Disney Mania just hit the Medina household big time. Let’s just say, if you have stock in Disney, you can thank me and my 19-year-old daughter, Sarah, for the increase in value you saw last week. Yes, that was us, spending money hand over fist, as if we’d just received the inside scoop that the world was ending and the only way to save it was to go crazy in Disney World. Our “Lost Weekend” had nothing to do with alcohol, heroin or cocaine and had everything to do with our love for The Mouse.
But I blame Disney. I also blame my parents who’d let me sit in front of the old black and white console, day after day, watching “The Mickey Mouse Show. “ Thanks to watching, “Mickey” and “Mouse” were the first words I learned to spell—and this was way before “Sesame Street.” Who can forget the immortal words from the show’s poignant closing song, which would bring tears to my eyes every time?
“M-i-c (C ya real soon!)-k-e-y (Y? Because we like you!), M-o-u-s-e!”
I’d sob when the show was over and no assurances that it would be back again the following day could stop my wailing. I needed my Mickey fix and I needed it NOW!

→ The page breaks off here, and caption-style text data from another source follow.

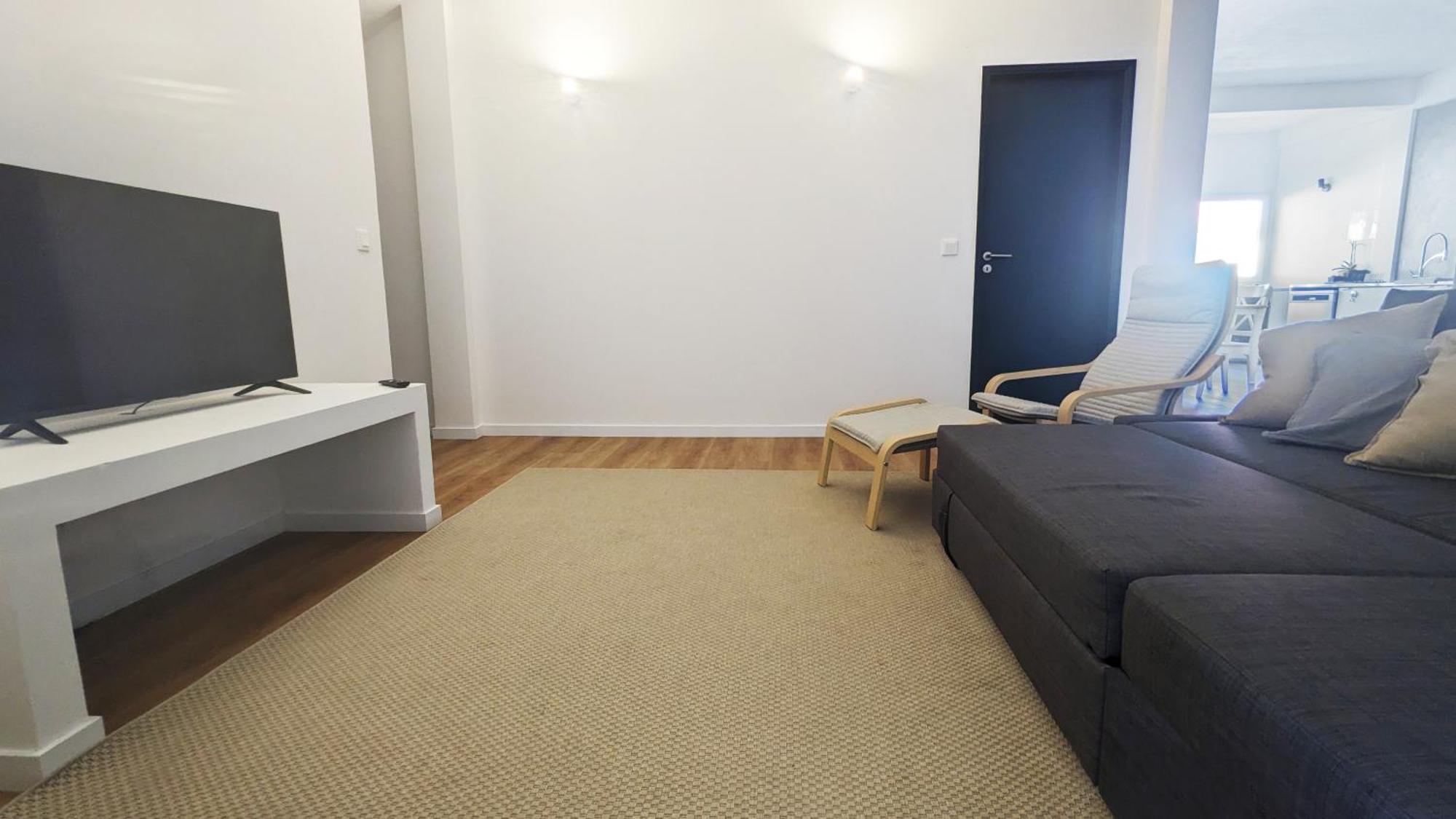 Apartamento Mouzinho Horta  Luaran gambar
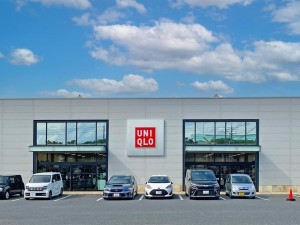 米子市東福原、新築一戸建てのホームセンター画像です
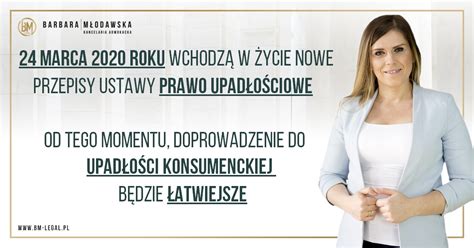 24 marca 2020 roku wchodzą w życie nowe przepisy ustawy Prawo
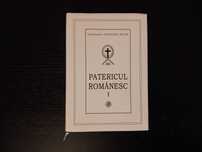 Patericul romanesc - Arhimandrit Ioanichie Balan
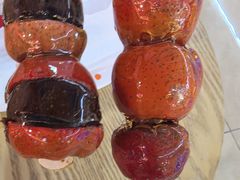 -隆美栗园(活力城店)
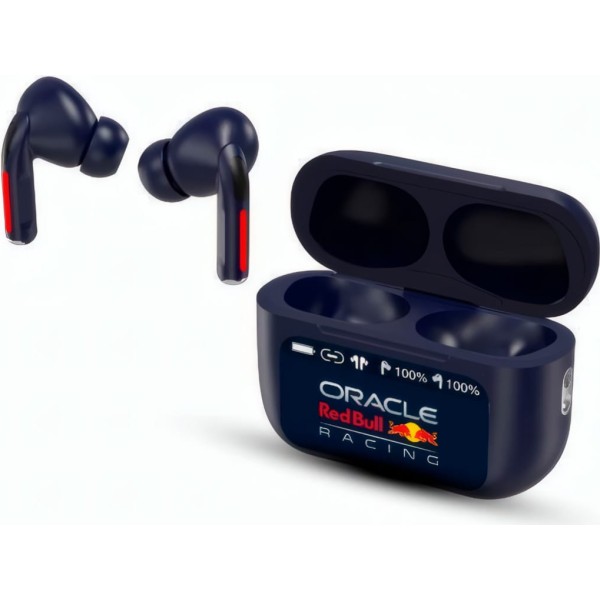 Casque Red Bull RB-EB110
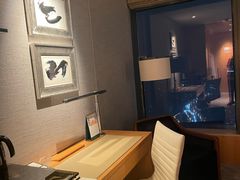 -上海静安香格里拉大酒店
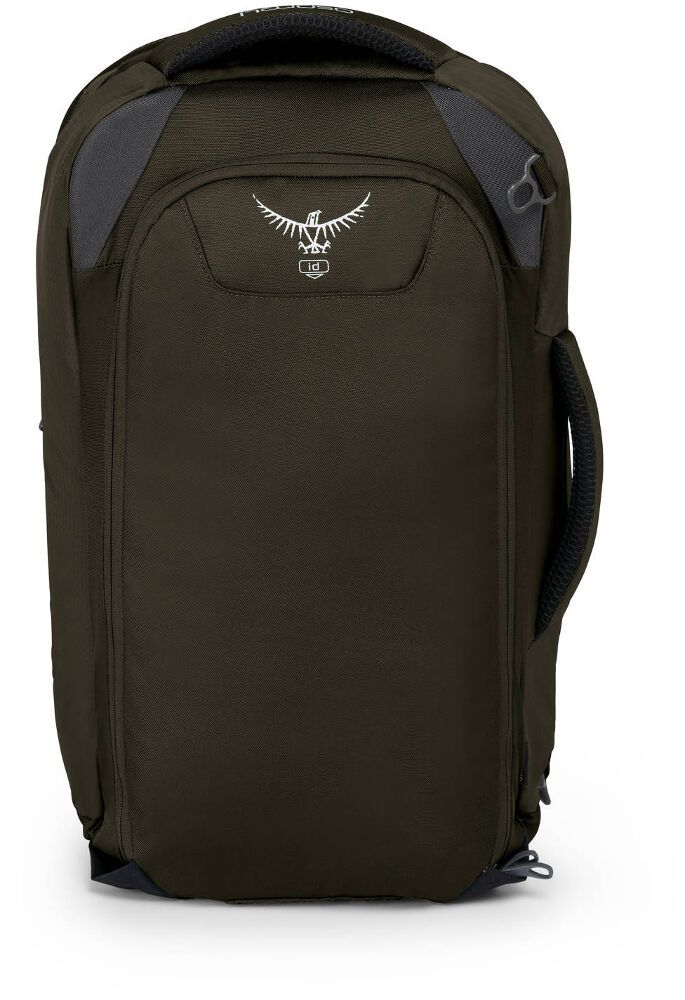 Рюкзак Osprey Fairview 40 сірий (009.1603)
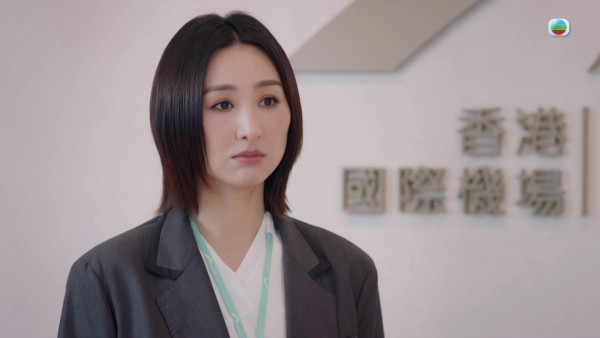 飛常日誌II|高海寧被洪永城「絕世好男友」一行為打動!親爆「係我理想伴侶條件」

So Sarah and I went on vacation to Walt Disney World in Orlando, Florida. Our first visit and I’m here to tell you that the folks at Disney sure know how to pull out all the stops. They work feverishly to take the “hassle” out of vacations by seeing to your every whim so that you love it so much you want to come back even before you leave. For six days we never forgot for one moment that we were in the land of Mickey.
The indoctrination began at the Orlando International Airport which, if you ask me, should be renamed Disney International. From the moment we arrived the Disney staff, I mean cast members, went into hyper-drive to ensure we had a very Disney experience. We were picked up from the airport by Disney’s Magical Express and whisked to our Disney resort.No need to wait for luggage at baggage claim! Disney dealt with that trivial matter and delivered our suitcases straight to our room. At check-in we were given a portfolio that contained all we needed for our stay: brochures and maps for each of the Disney theme parks, and a handy dandy key card that not only unlocked our hotel room door, it also contained all our passes to the theme parks, our Disney dining plan and my credit card information that could be used anywhere in Disney World. One tiny card packing a lot of punch!

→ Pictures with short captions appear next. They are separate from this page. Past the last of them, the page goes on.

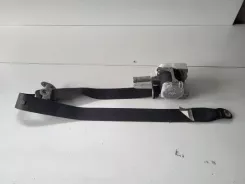 Ремінь безпеки переднього ряду Toyota Auris E180 0080P1120017 7P2770P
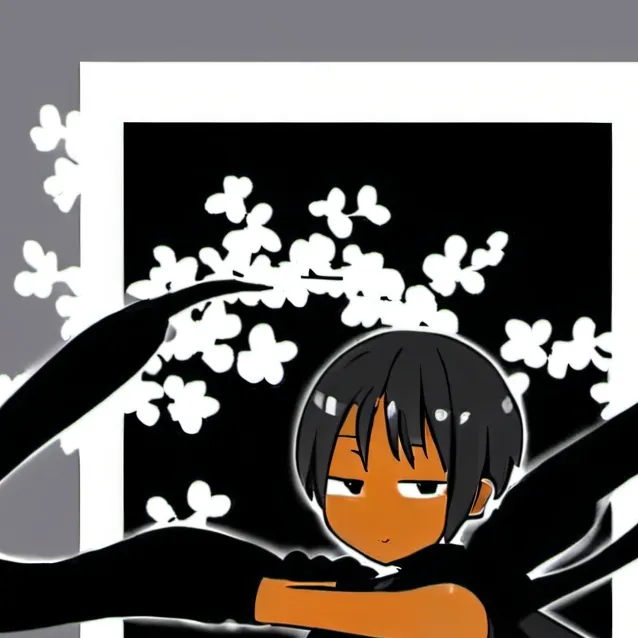 chat with ai character: Emma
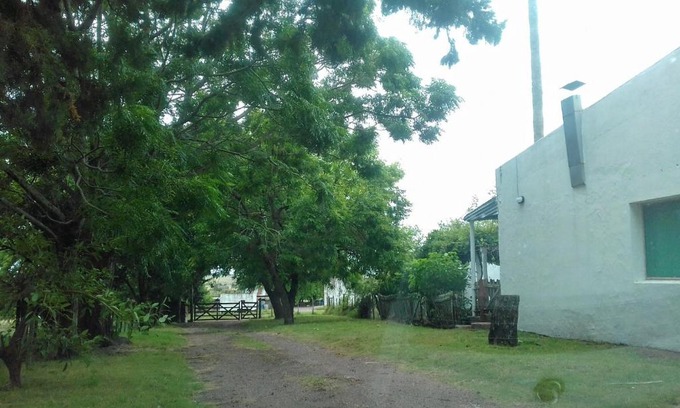 Minas House | POSADA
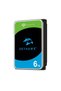 X6TB ST6000VX009 6 TB HARD DİSK - 2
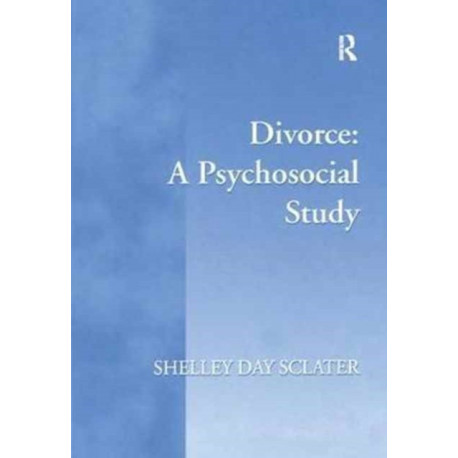 Divorce: A Psychosocial Study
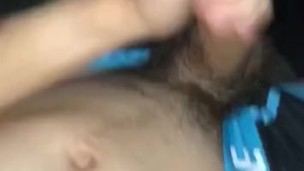Twink cumming and moaning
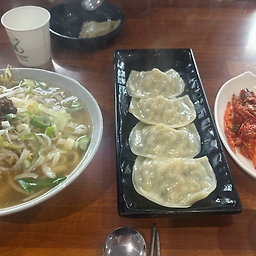 꾸왁칼국수 사진 6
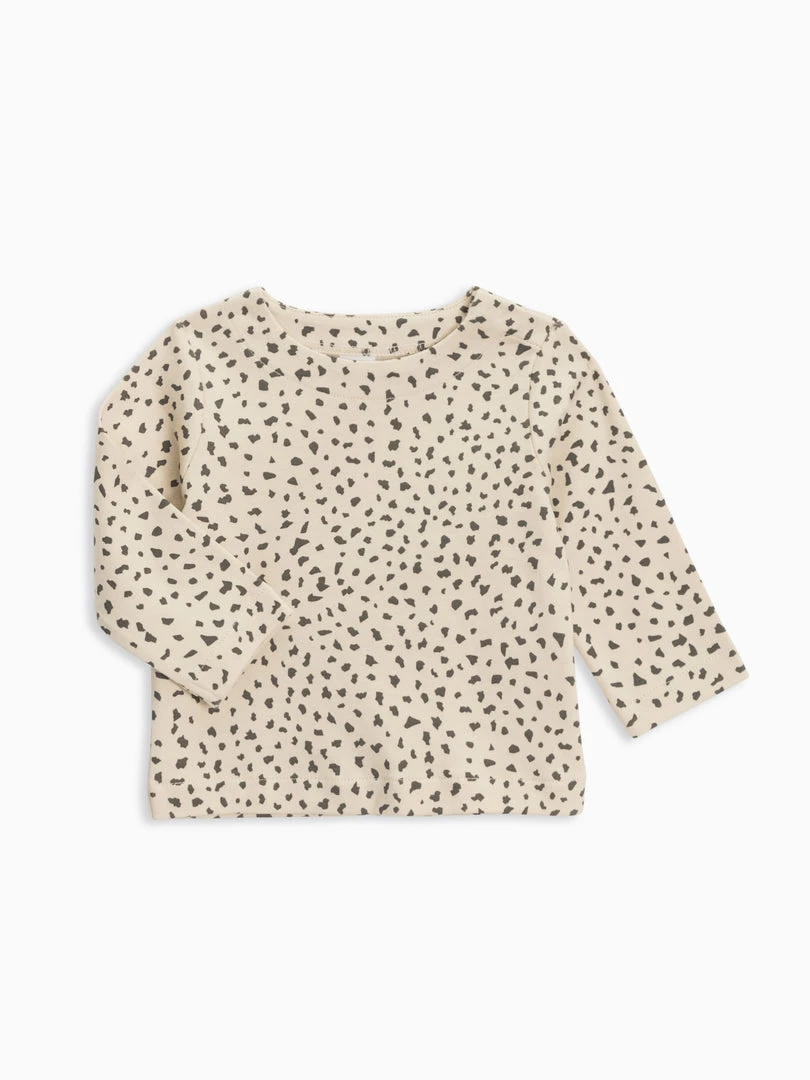 Colored Organics Ryle Snap Shoulder Top 3 Colored Organics Ryle Snap Shoulder Top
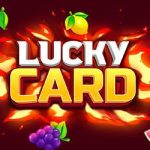 Lucky card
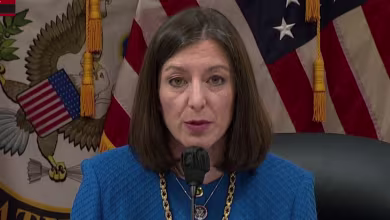 Rep. Luria: Trump 'betrayed his oath of office and was derelict in his duty' on Jan. 6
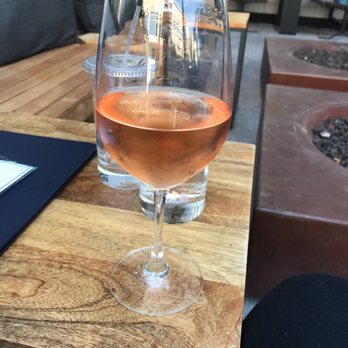 Earls Kitchen + Bar - Rose for the Texas heat  9oz $7 special - Cocktail Bars Near Me - Plano, Texas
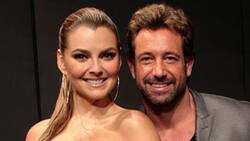Gabriel Soto confiesa cómo fue realmente su relación con Marjorie de Sousa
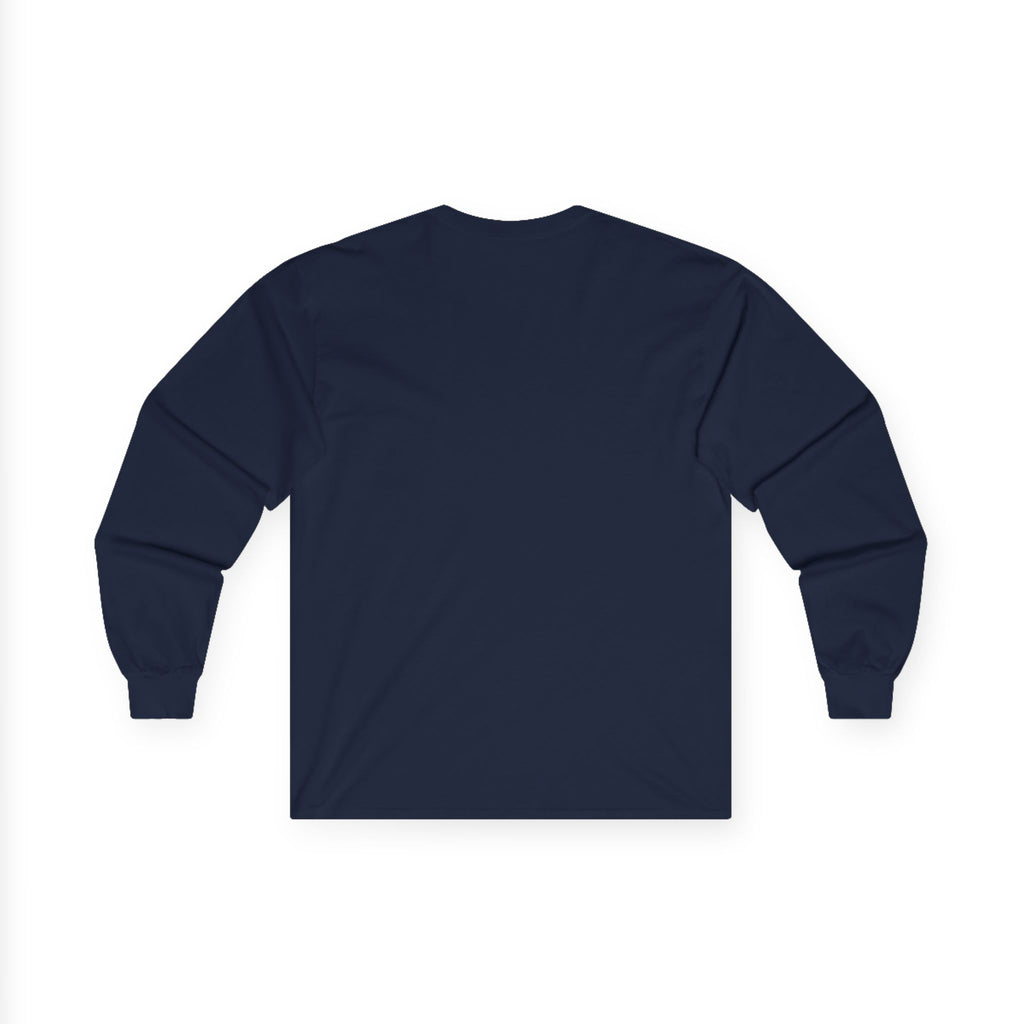 Allow Observe Choose Long Sleeve Tee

For better, for worse, the Disney touch was everywhere. Disney songs were piped in wherever we went. The first 10 channels of the in-room TV sets were all Disney-—including a channel on making the most of each day in the parks and another on the weather in the parks (hot and hotter with extreme humidity and a thunderstorm thrown in). Mickey-shaped waffles were served for breakfast. The pool in our resort looked like it came out of the Pirates of the Caribbean ride, and our hotel room décor was “Finding Nemo.” (We could’ve had a room with a pirate motif but that would’ve cost extra. Arrrrgh.)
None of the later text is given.